What needs to be done: Would you count the lines in the material below that include the string "Exterior"? Only the number is needed.

════════

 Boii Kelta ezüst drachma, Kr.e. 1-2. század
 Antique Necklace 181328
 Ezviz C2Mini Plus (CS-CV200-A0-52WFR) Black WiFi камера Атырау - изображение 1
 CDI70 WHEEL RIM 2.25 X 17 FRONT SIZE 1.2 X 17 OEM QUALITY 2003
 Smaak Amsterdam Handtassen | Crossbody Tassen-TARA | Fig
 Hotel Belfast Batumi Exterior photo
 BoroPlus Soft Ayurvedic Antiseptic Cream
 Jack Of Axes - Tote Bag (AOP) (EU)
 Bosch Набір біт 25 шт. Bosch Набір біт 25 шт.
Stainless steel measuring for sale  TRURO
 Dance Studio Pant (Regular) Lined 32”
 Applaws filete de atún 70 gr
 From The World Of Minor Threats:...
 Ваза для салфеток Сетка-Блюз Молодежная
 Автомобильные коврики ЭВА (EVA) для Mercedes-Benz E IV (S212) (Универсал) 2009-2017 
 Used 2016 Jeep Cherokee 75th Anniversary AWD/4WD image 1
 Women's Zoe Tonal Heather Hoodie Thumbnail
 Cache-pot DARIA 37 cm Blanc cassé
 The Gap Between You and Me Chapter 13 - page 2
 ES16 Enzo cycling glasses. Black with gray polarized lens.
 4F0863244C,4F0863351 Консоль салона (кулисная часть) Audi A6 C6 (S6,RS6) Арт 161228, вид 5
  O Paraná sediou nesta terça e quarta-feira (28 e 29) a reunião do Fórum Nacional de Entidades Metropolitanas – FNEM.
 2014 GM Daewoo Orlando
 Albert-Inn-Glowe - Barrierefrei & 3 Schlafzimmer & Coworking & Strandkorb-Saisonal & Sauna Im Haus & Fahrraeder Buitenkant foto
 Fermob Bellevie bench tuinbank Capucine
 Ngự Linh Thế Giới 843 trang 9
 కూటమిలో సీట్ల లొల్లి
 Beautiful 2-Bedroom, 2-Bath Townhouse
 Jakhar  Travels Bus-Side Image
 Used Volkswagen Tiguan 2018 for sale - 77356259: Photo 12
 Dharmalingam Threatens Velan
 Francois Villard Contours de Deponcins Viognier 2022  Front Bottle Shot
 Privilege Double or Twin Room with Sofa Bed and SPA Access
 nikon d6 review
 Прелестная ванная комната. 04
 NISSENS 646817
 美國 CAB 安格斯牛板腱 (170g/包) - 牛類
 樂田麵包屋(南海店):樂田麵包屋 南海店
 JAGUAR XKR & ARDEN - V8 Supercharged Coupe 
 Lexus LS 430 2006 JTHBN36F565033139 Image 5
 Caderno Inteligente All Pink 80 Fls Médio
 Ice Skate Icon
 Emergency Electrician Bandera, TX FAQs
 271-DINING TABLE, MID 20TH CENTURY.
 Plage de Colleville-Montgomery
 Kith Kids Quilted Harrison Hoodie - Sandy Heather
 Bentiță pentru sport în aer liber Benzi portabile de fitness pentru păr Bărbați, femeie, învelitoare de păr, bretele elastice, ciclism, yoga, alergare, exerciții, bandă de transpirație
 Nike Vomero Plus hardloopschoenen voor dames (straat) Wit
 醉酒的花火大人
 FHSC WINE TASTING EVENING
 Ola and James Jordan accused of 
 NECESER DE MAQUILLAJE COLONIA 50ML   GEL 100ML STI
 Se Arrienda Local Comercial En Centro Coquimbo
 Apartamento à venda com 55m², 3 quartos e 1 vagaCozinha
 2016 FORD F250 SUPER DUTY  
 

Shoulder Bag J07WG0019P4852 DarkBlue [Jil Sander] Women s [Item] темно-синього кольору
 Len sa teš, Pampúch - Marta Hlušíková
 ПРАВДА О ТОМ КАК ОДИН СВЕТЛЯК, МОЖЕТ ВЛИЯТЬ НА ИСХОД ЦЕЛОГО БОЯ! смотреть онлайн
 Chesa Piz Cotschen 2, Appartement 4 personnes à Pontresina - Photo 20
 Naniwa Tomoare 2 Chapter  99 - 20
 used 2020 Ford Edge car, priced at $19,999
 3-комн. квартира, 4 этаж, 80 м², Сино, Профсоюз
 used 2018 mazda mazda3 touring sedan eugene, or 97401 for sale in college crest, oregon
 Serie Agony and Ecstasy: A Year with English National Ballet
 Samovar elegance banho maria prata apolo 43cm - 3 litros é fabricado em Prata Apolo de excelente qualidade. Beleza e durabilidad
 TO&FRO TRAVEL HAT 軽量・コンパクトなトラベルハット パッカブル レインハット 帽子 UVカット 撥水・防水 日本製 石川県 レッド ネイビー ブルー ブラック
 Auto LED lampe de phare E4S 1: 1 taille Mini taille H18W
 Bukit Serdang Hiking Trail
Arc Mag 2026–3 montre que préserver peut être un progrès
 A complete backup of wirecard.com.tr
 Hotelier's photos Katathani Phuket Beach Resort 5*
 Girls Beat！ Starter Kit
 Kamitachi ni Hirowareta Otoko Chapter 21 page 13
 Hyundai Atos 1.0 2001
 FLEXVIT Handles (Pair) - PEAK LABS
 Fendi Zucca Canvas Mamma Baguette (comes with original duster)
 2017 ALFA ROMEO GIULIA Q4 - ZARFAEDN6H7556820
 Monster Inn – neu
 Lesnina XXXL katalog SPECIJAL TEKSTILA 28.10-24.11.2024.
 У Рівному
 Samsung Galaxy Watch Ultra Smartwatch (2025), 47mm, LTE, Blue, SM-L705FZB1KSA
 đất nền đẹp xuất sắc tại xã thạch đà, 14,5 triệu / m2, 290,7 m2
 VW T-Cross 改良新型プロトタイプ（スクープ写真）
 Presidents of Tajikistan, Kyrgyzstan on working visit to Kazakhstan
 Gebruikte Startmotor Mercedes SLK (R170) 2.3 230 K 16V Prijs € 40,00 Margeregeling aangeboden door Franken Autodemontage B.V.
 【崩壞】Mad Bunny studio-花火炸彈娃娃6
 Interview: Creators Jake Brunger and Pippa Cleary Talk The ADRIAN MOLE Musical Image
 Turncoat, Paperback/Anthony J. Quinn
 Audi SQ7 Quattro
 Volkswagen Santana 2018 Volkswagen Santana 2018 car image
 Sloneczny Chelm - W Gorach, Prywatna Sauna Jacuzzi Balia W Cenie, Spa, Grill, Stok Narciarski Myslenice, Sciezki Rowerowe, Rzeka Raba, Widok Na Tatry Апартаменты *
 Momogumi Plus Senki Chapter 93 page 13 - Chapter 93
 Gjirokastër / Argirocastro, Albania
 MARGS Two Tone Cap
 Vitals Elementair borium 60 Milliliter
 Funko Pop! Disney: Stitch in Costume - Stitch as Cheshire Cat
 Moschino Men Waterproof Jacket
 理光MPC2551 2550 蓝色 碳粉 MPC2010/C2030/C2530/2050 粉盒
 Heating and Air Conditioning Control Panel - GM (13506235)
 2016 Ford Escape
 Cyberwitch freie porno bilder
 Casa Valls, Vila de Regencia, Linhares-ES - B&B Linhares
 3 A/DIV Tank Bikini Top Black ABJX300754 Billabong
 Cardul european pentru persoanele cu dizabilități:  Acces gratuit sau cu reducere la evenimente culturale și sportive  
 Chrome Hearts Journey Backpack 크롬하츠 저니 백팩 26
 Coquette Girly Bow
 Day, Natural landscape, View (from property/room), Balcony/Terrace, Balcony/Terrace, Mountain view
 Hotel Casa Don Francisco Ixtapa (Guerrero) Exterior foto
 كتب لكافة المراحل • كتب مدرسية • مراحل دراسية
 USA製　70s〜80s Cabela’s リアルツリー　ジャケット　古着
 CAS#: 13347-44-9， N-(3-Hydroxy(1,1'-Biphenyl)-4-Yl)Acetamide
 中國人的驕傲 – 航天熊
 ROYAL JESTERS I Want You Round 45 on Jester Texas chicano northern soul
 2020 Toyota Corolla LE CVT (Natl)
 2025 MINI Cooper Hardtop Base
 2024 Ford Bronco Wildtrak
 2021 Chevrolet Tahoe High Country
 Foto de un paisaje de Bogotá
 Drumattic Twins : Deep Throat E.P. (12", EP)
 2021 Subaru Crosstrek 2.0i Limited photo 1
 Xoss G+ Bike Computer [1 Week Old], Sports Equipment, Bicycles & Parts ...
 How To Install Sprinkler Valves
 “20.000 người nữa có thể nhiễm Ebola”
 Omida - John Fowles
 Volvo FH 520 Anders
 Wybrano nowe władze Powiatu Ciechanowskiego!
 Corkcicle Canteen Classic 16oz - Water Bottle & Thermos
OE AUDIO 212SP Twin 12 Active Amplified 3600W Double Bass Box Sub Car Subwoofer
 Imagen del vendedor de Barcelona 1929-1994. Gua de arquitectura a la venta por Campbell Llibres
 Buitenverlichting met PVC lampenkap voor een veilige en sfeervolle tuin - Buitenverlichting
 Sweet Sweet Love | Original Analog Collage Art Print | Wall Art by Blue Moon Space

════════

Response box: 2